32 000 Studierende aus über hundert Ländern sind an der University of California, Berkeley (UCB), eingeschrieben, Frauen bilden die knappe Mehrheit. Damit ist Berkeley der zweitgrösste von insgesamt elf Standorten des University-of-California-Systems. Die hundert Gebäude des knapp fünf Quadratkilometer umfassenden Campus sind in Parkanlagen eingebettet und werden von einem Glockenturm überragt, dem der Campanile von Venedig als Vorbild diente. Das Freilufttheater der Universität wurde – in alter Griechenlandbegeisterung – dem Theater von Epidauros nachgebaut. «The Times Higher Education Supplement» stufte Berkeley 2004 als beste Universität der Welt ein.

Ausgerechnet die «linke» UCB spielte eine traurige Pionierrolle beim Ausverkauf öffentlicher Wissenschaft. 1998 schloss die Fakultät für Natürliche Ressourcen mit der Novartis-Abteilung für Agrobiotechnologie (Nadi; heute Syngenta) einen Fünf-Jahres-Vertrag über 25 Millionen Dollar ab.

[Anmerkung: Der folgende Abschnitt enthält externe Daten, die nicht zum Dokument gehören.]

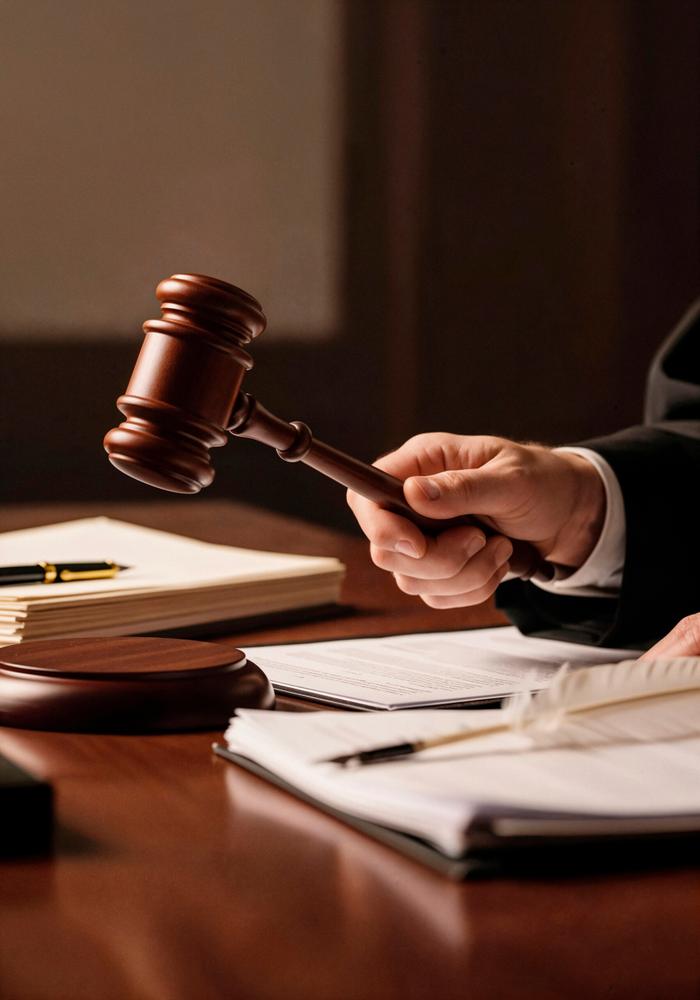 A judge’s hand holding a gavel about to strike in court.
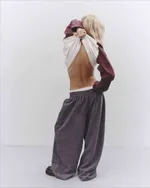 Брюки One Two Velvet Baggy Pants Lava Smoke серые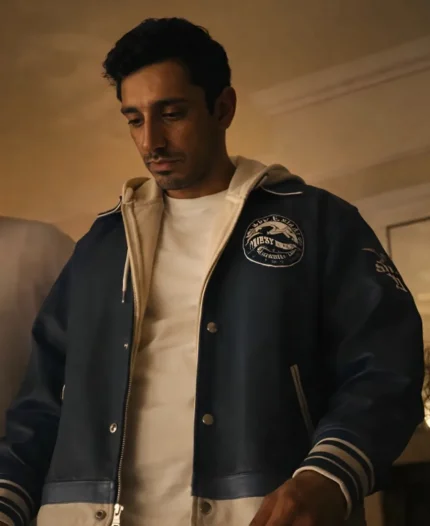 Riz Ahmed Tv Series Bait S01 Shah Latif Blue Leather Varsity Jacket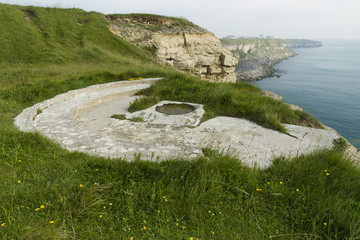 World War Two gun emplacement on cliff edge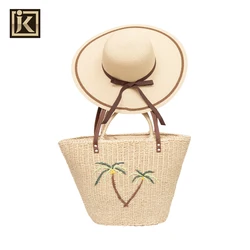 JAKIJAYI Brand SS20 Wholesale Ribbon Bow Summer Paper  Floppy  Ladies Straw Hat With Embroidery Starfish Straw Bag Set
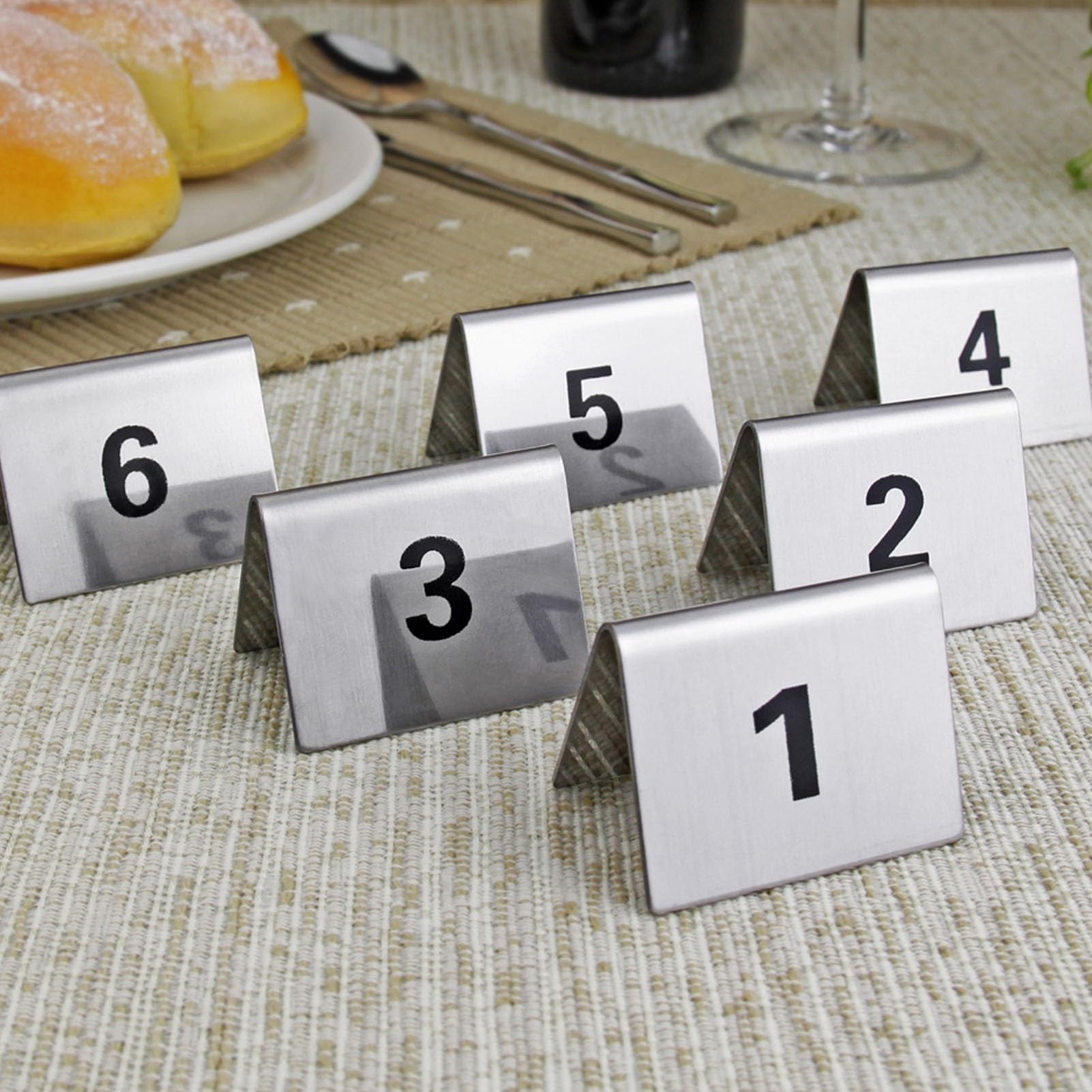 Números de Orden de Mesa de Restaurante de Doble Cara, Soportes de Acero Inoxidable fFor Números de Mesa, Tarjetas de Mesa Estilo Carpa for Cafeterías, Bares Y Banquetes(51~60)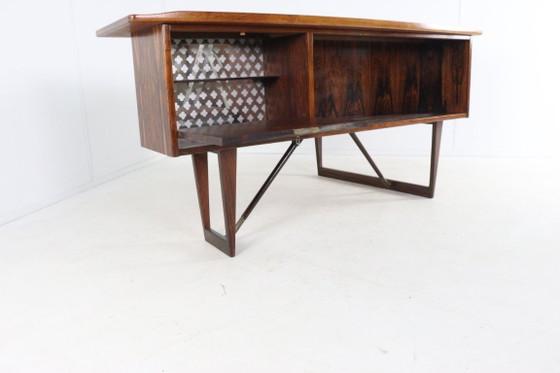Peter Løvig Nielsen voor Hedensted Møbelfabrik Boomerang bureau vintage gerestaureerd palissander (photo 16 of 18)
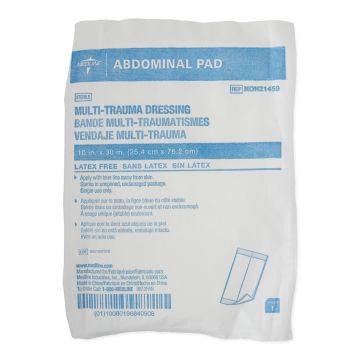 Medline Multi-Trauma Abdominal Pads NON21459 | 10 x 30 Inch | Sterile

Nadi erhielt das Vorkaufsrecht für Lizenzen an Patenten dieser Abteilung und durfte zwei von fünf Mitgliedern des Gremiums stellen, das die Gelder fakultätsintern verteilt. ForscherInnen konnten die firmeneigene Forschungsdatenbank benutzen, wenn sie ein Geheimhaltungsabkommen unterzeichneten, das ihnen verbot, ohne Erlaubnis der Firma Resultate ihrer Arbeit zu publizieren.

Bereits 1969 sorgte die Nähe von Wissenschaft und Industrie für Schlagzeilen. Durch ein Leck eines Bohrturms der Union Oil Company wurde die Küste verseucht. Fachleute kalifornischer Unis, darunter Berkeley, weigerten sich, in der Untersuchung als Experten aufzutreten, weil sie fürchteten, die Privatwirtschaft zu verärgern und Sponsorengelder zu verlieren.